-- Dataset follows --

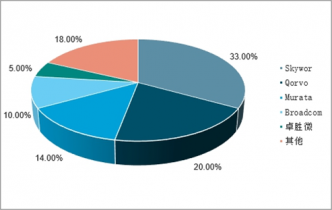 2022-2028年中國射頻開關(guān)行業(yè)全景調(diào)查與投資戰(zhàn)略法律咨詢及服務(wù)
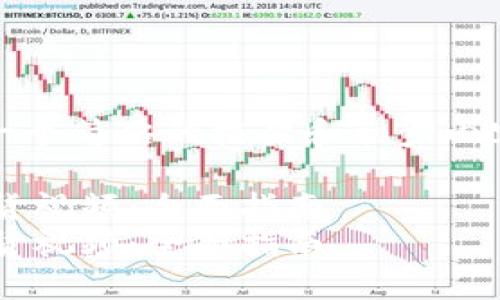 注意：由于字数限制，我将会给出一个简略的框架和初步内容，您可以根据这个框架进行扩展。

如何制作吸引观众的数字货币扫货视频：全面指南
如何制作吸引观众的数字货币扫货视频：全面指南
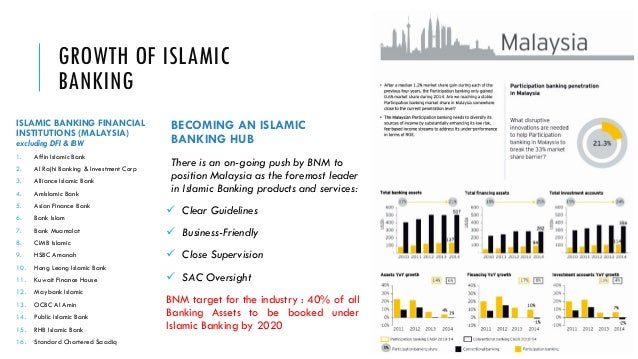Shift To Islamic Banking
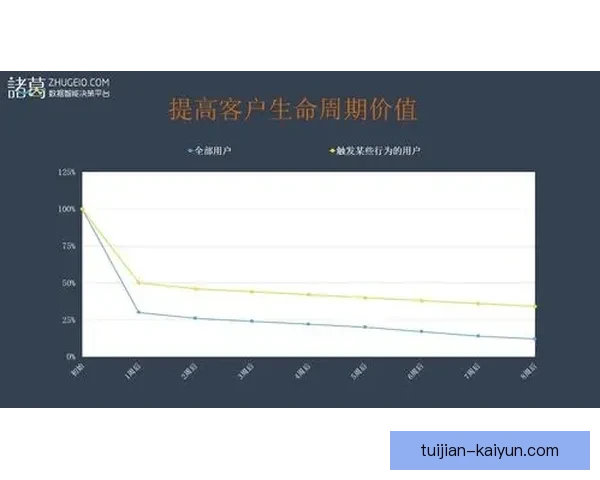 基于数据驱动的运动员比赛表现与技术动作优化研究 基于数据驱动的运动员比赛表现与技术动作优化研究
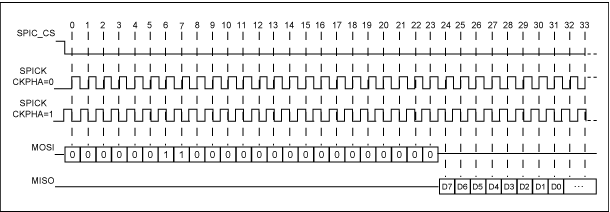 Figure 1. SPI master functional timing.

-- Dataset concluded --
-- Dataset follows --

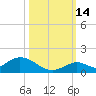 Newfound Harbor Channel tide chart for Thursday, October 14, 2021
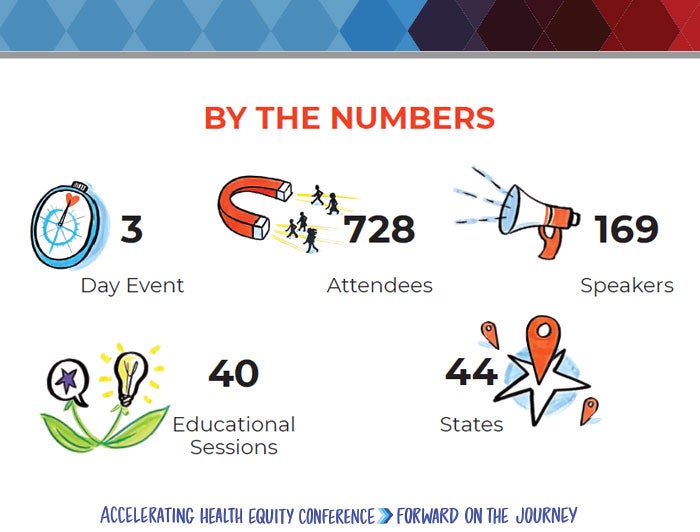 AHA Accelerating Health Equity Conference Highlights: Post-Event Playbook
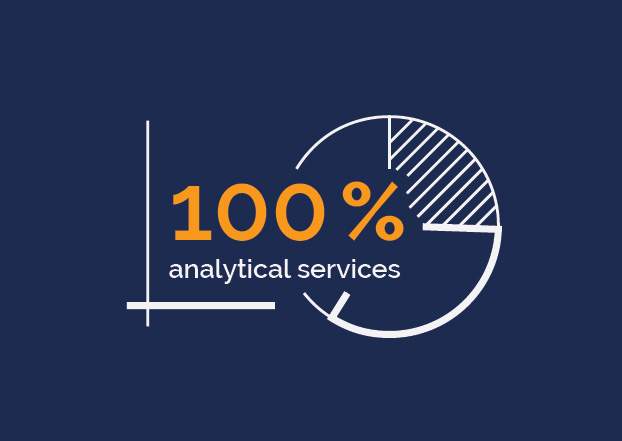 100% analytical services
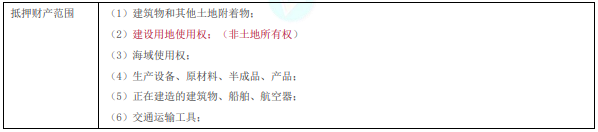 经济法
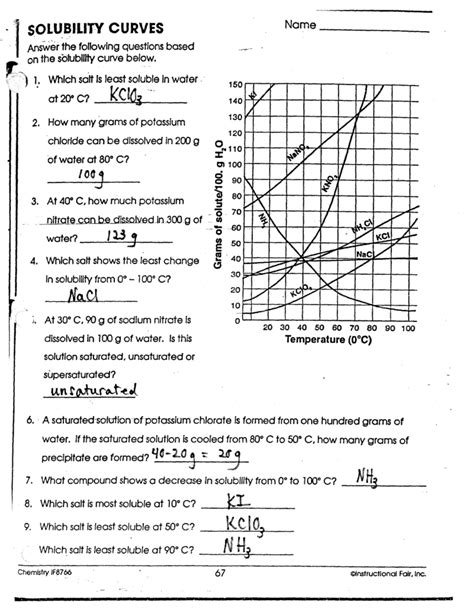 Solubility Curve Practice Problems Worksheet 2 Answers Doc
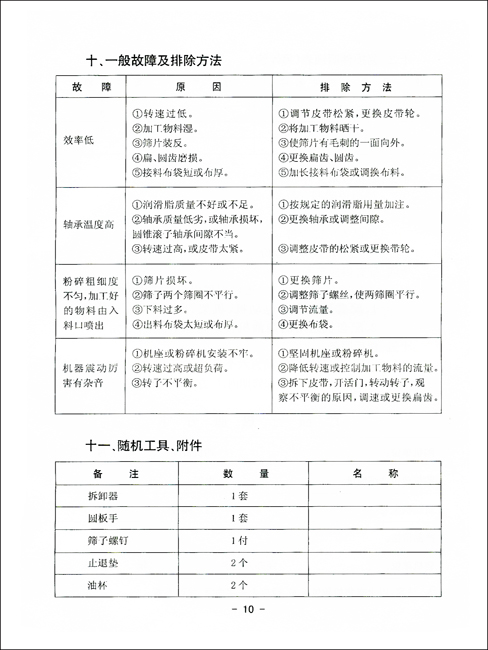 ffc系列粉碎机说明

-- Dataset concluded --
-- Dataset follows --

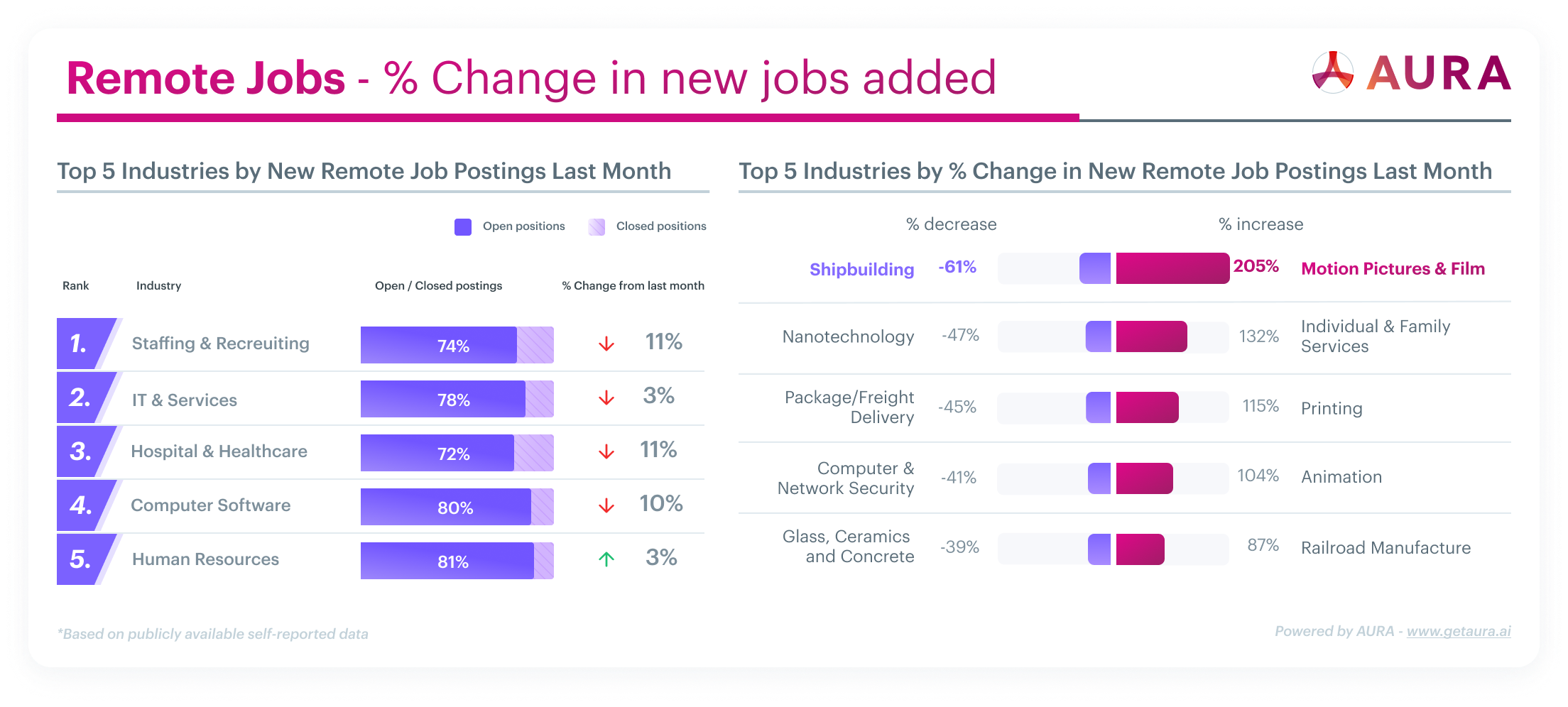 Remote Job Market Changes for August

-- Dataset concluded --

Your answer must be everything above from the line with "基于数据驱动的运动员比赛表现与技术动作优化研究 基于数据" down to the line with "Figure 1. SPI master functional timing.", word for word, and no pictures.

§ **Exercise response**
 基于数据驱动的运动员比赛表现与技术动作优化研究 基于数据驱动的运动员比赛表现与技术动作优化研究
 Figure 1. SPI master functional timing.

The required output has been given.